WHAT THE EXERCISE ASKS: Each line of the data must be given back verbatim, with pictures removed.

(Data excerpts)
----------

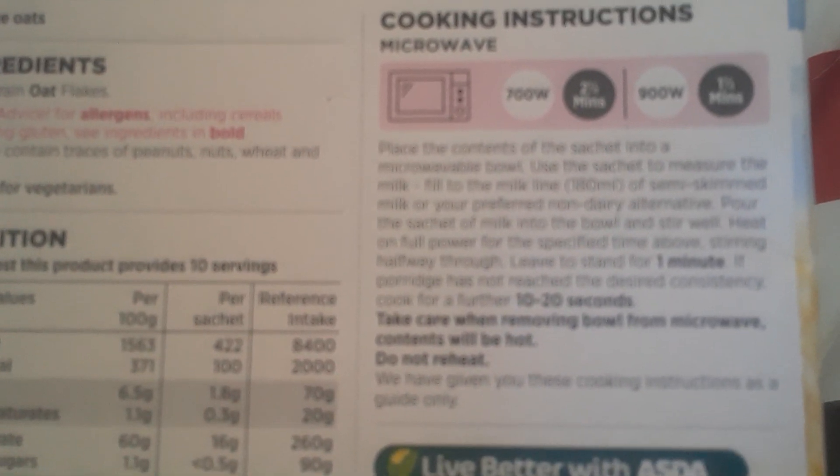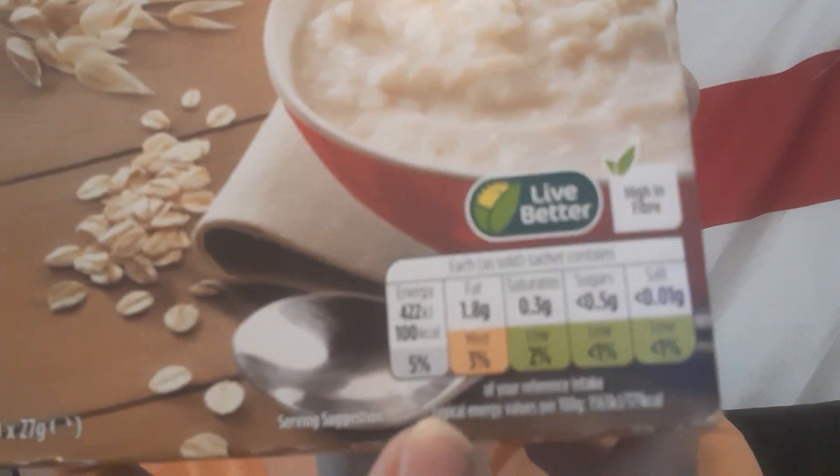I'll just put a bit of milk in. Looking at the nutrition — it says 'live better,' high in fibre, 100 calories per sachet. Fat is 1.8g, medium, three percent. Saturated fat 0.3g, low, two percent. Sugar 0.5g, low, one percent. Salt is 0.01g, low, one percent. It's a good traffic light system.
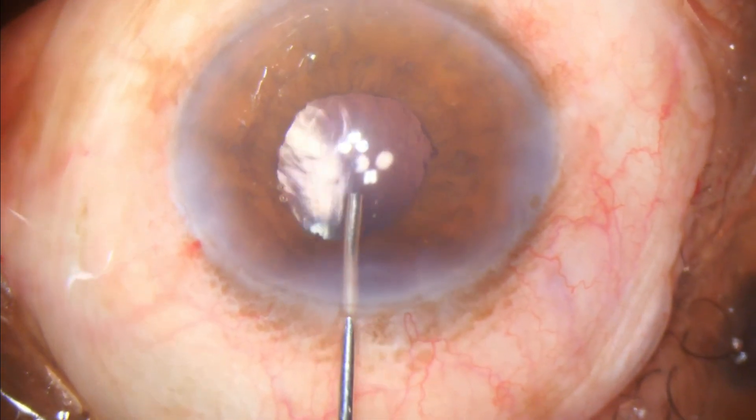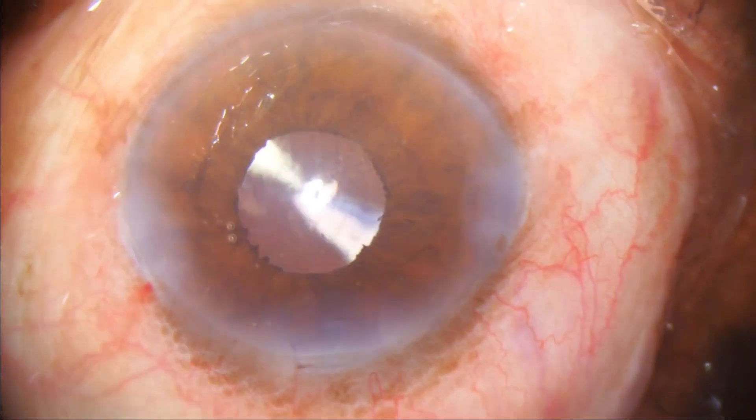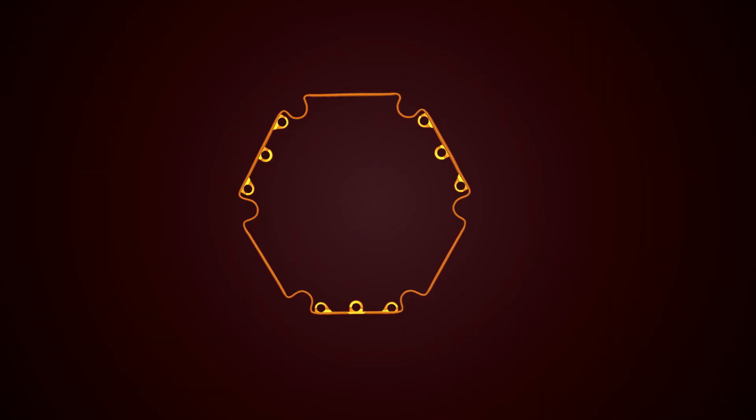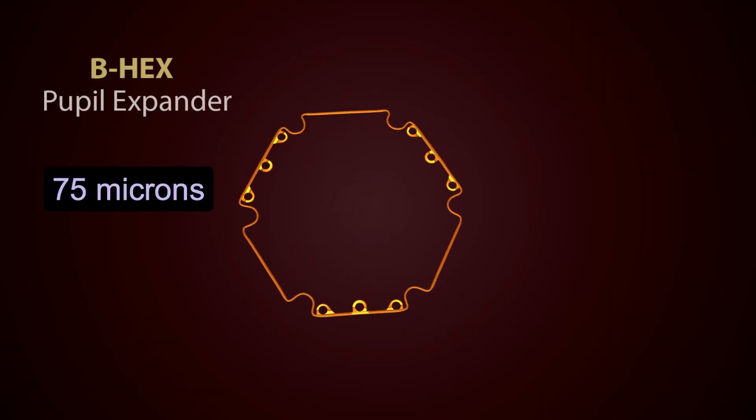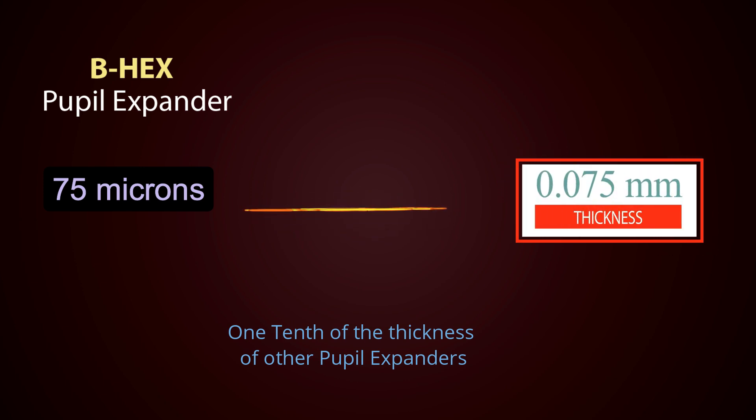It is so gratifying to see a nice round pupil at the end of surgery. At only 75 microns, the B-hex is one-tenth the thickness of other devices.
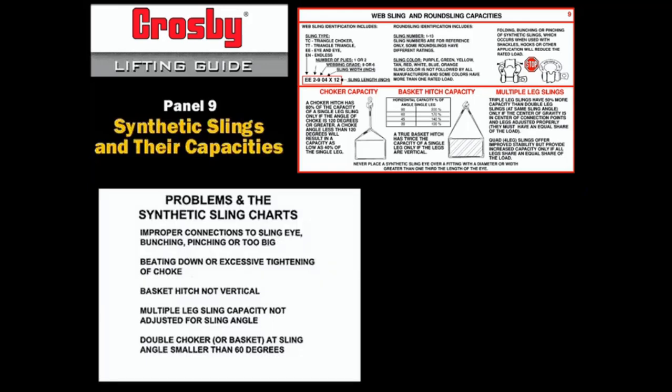The capacity of synthetic slings is affected by many factors. To ensure that the rated capacity of the sling is valid, the competent rigger must avoid several mistakes. These include bunching or pinching the sling in the hardware, excessive tightening of a choke, not adjusting the capacity of the basket hitch when it is not a true vertical basket hitch, not adjusting the capacity of a multiple leg sling for the horizontal sling angle, or the improper use of a double leg basket or choker at a horizontal sling angle less than 60 degrees.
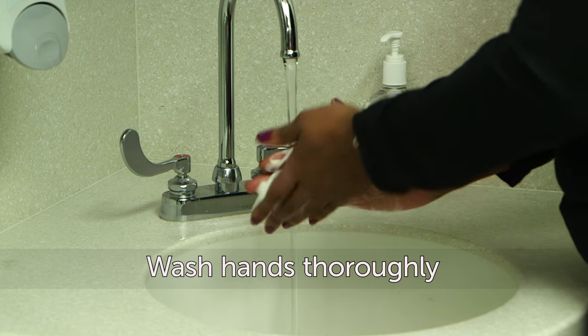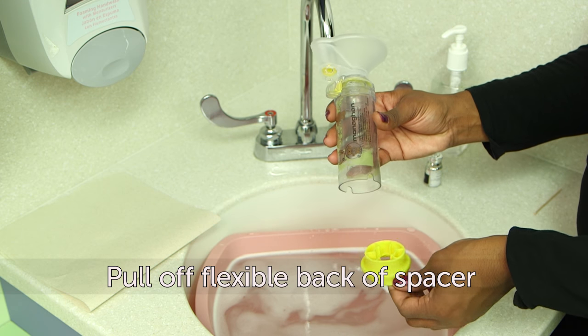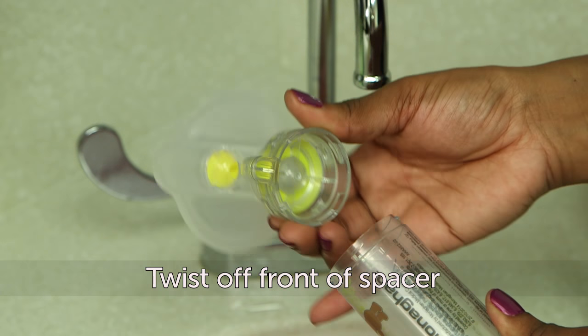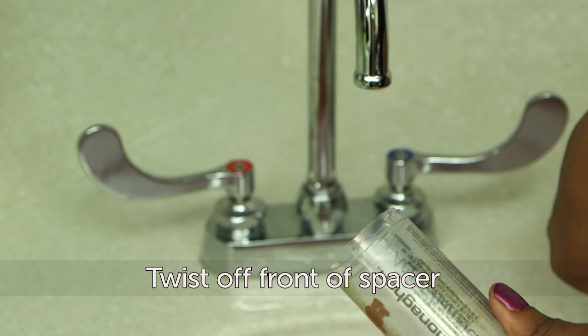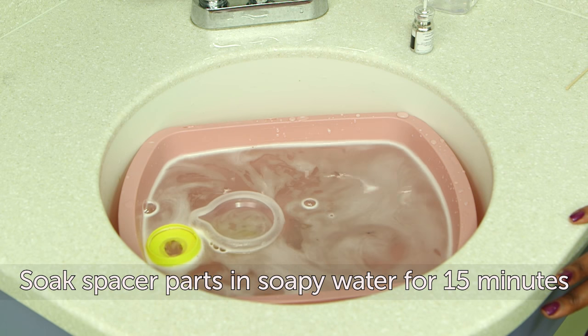First, wash your hands thoroughly. Next, pull off the flexible back of the spacer where the inhaler goes, then twist off the front part of the spacer. Soak all parts of the spacer in slightly soapy water for 15 minutes.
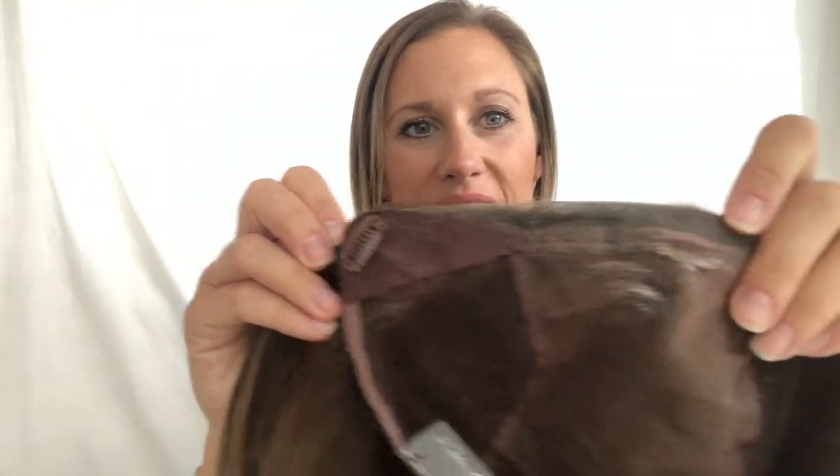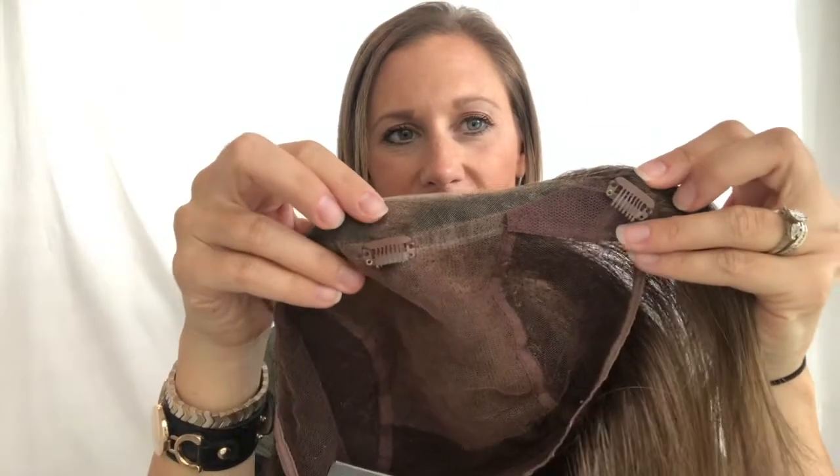I cannot get this to fit securely onto my head, and I definitely have hair to clip it into — that's not the problem. I definitely know how to clip in a topper, so I don't know what the problem is with getting it to fit securely. The teeth are very, very small and very narrow — I think that is the problem, why it's not gripping my hair as well as a larger clip typically would. That is kind of a downside to this topper: the tiny little clips.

----------

EXERCISE RESPONSE:
I'll just put a bit of milk in. Looking at the nutrition — it says 'live better,' high in fibre, 100 calories per sachet. Fat is 1.8g, medium, three percent. Saturated fat 0.3g, low, two percent. Sugar 0.5g, low, one percent. Salt is 0.01g, low, one percent. It's a good traffic light system.
It is so gratifying to see a nice round pupil at the end of surgery. At only 75 microns, the B-hex is one-tenth the thickness of other devices.
The capacity of synthetic slings is affected by many factors. To ensure that the rated capacity of the sling is valid, the competent rigger must avoid several mistakes. These include bunching or pinching the sling in the hardware, excessive tightening of a choke, not adjusting the capacity of the basket hitch when it is not a true vertical basket hitch, not adjusting the capacity of a multiple leg sling for the horizontal sling angle, or the improper use of a double leg basket or choker at a horizontal sling angle less than 60 degrees.
First, wash your hands thoroughly. Next, pull off the flexible back of the spacer where the inhaler goes, then twist off the front part of the spacer. Soak all parts of the spacer in slightly soapy water for 15 minutes.
I cannot get this to fit securely onto my head, and I definitely have hair to clip it into — that's not the problem. I definitely know how to clip in a topper, so I don't know what the problem is with getting it to fit securely. The teeth are very, very small and very narrow — I think that is the problem, why it's not gripping my hair as well as a larger clip typically would. That is kind of a downside to this topper: the tiny little clips.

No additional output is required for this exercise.